Le Saint Christophe colossal et l’Ermite portant une lanterne, peints sur l’extérieur des panneaux, morceaux cependant fort remarquables, furent loin de consoler Tiburce de la fermeture de cet éblouissant tabernacle, où le génie de Rubens étincelle comme un ostensoir chargé de pierreries.

Il sortit de l’église emportant dans son cœur la flèche barbelée de l’amour impossible : il avait enfin rencontré la passion qu’il cherchait, mais il était puni par où il avait péché : il avait trop aimé la peinture, il était condamné à aimer un tableau.
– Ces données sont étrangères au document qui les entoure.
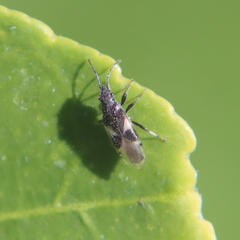 Oxycarenus luctuosus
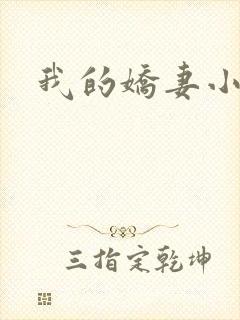 我的娇妻小说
La nature délaissée pour l’art se vengeait d’une façon cruelle ; l’amant le plus timide auprès de la femme la plus vertueuse garde toujours dans un coin de son cœur une furtive espérance : pour Tiburce, il était sûr de la résistance de sa maîtresse et savait parfaitement qu’il ne serait jamais heureux ; aussi sa passion était-elle une vraie passion, une passion extravagante, insensée et capable de tout ; — elle brillait surtout par le désintéressement.
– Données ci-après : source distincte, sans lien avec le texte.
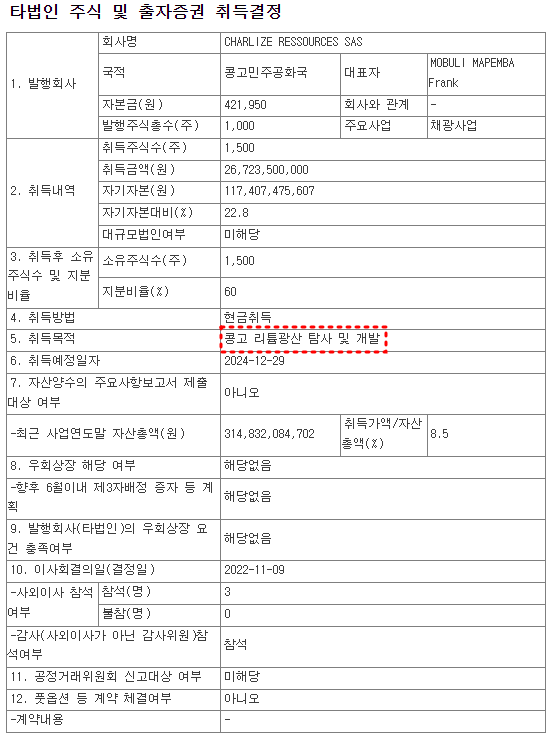 금양 콩고 리튬광산 채굴 업체 인수사항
Que l’on ne se moque pas trop de l’amour de Tiburce : combien ne rencontre-t-on pas de gens très épris de femmes qu’ils n’ont vues qu’encadrées dans une loge de théâtre, à qui ils n’ont jamais adressé la parole, et dont ils ne connaissent même pas le son de voix ? ces gens-là sont-ils beaucoup plus raisonnables que notre héros, et leur idole impalpable vaut-elle la Madeleine d’Anvers ?
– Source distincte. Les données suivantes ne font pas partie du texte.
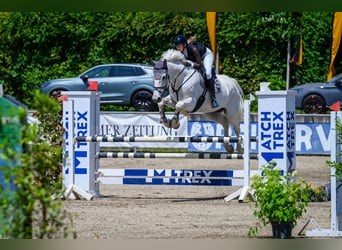 KWPN, Wallach, 13 Jahre, 175 cm, Schimmel KWPN, Wallach, 13 Jahre, 175 cm, Schimmel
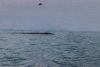 Humpback whale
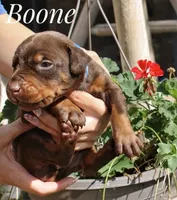 Boone, a male Doberman Pinscher for sale in Dumas, TX – 4 of 4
Tiburce marchait d’un air mystérieux et fier comme un galant qui revient d’un premier rendez-vous. La vivacité de la sensation qu’il éprouvait le surprenait agréablement ; — lui qui n’avait jamais vécu que par le cerveau, il sentait son cœur ; c’était nouveau : aussi se laissa-t-il aller tout entier aux charmes de cette fraîche impression ; une femme véritable ne l’eût pas touché à ce point. Un homme factice ne peut être ému que par une chose factice ; il y a harmonie : le vrai serait discordant. Tiburce, comme nous l’avons dit, avait beaucoup lu, beaucoup vu, beaucoup pensé et peu senti ; ses fantaisies étaient seulement des fantaisies de tête, la passion chez lui ne dépassait guère la cravate ; cette fois il était amoureux réellement, comme un écolier de rhétorique ; l’image éblouissante de la Madeleine voltigeait devant ses yeux en taches lumineuses, comme s’il eût regardé le soleil ; le moindre petit pli, le plus imperceptible détail se dessinait nettement dans sa mémoire, le tableau était toujours présent pour lui. Il cherchait sérieusement dans sa tête les moyens d’animer cette beauté insensible et de la faire sortir de son cadre ; — il songea à Prométhée, qui ravit le feu du ciel pour donner une âme à son œuvre inerte ; à Pygmalion, qui sut trouver le moyen d’attendrir et d’échauffer un marbre ; il eut l’idée de se plonger dans l’océan sans fond des sciences occultes, afin de découvrir un enchantement assez puissant pour donner une vie et un corps à cette vaine apparence. Il délirait, il était fou : vous voyez bien qu’il était amoureux.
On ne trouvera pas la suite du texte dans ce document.